Please reproduce the listing in its entirety, exactly as written, but without images.

__GIVEN INFORMATION__:
◇ ◇ ◇

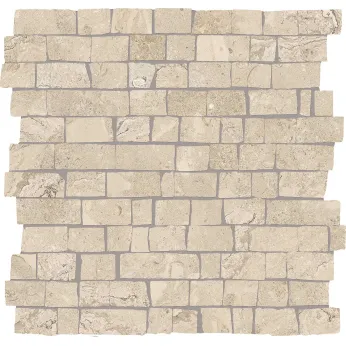Керамогранит Provenza by Emil Group Unique Bourgogne Beige Mosaico Petite Mure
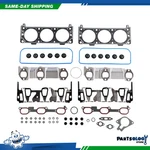 Dnj HGS3119 Graphite Cylinder Head Set For 04-05 Buick Alero 3.4L V6 Ohv. Fixed Price $152.94.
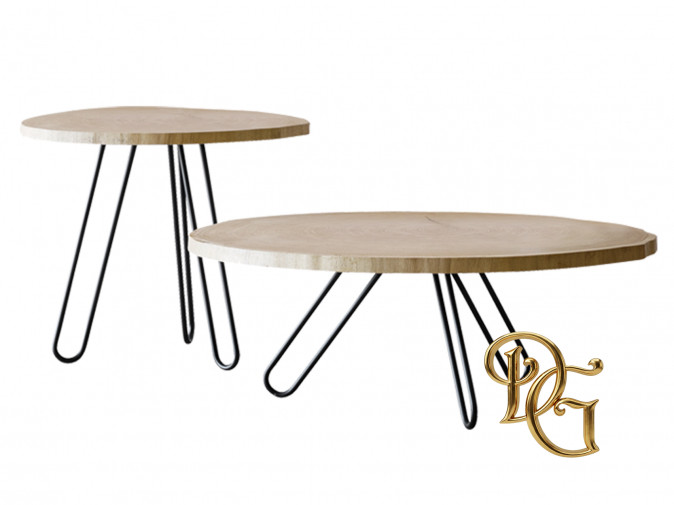 Столик журнальный Porcino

◇ ◇ ◇

__REPLY__:
Керамогранит Provenza by Emil Group Unique Bourgogne Beige Mosaico Petite Mure
 Dnj HGS3119 Graphite Cylinder Head Set For 04-05 Buick Alero 3.4L V6 Ohv. Fixed Price $152.94.
 Столик журнальный Porcino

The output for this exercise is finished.